In all ETL jobs one would have noticed a step “Delete Target Table Index(s)” just prior to writing data into target data mart or table after all the processing steps are completed.
As a matter of fact, it is one of the “ETL Best Practices” to be adopted while designing ETL data flows. This precursor step has a great performance incentive when adopted in data flows.
In a database, any INDEX created has to be maintained in sorted fashion in order for the INDEX to be effective. Whenever a record is inserted, subsequent to INSERT operation into target tables, the INDEX is re-organized with the new value which was inserted.
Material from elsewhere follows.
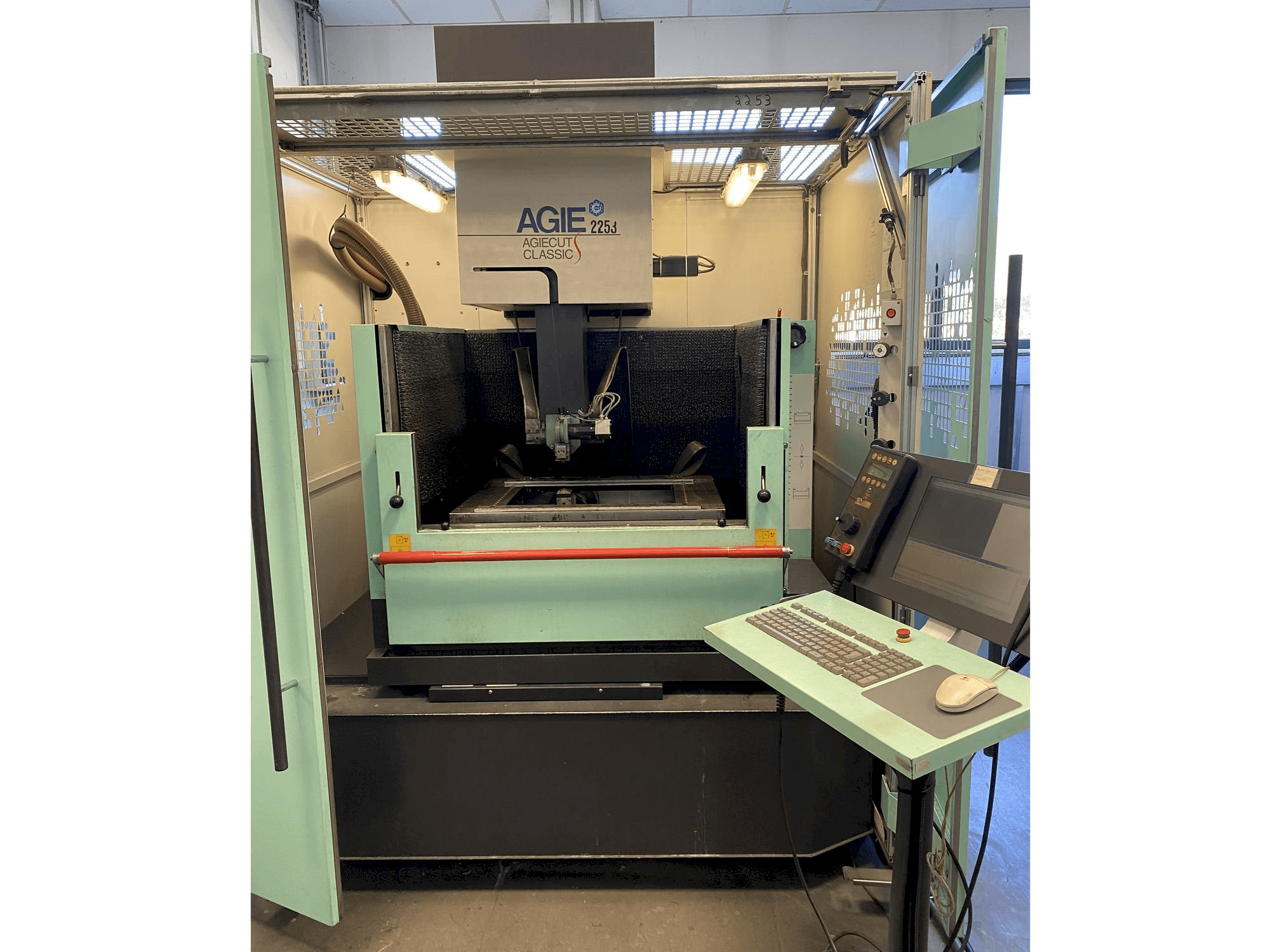 Mašīnas AGIE Agiecut Classic 3s pretskats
In case when hundred records are inserted, the INDEX is re-organized or built a hundred times (Note: Depending on the database, index type and DBA actions, this process can be fine tuned). If the target table has multiple INDEXes, the problem is compounded because all indexes have to be adjusted.
In Data Warehousing environments, the quantum of records to be inserted or updated will be in several thousands on daily basis and at this magnitude every performance bottlenecks have to be removed. Dropping the INDEX(s) and loading data helps to a great extent in avoiding costly database operations.
The process while loading data adopted is in the following sequence
- DROP INDEX <index name(s)>
- INSERT INTO TABLE <records>
- CREATE INDEX <column(s)>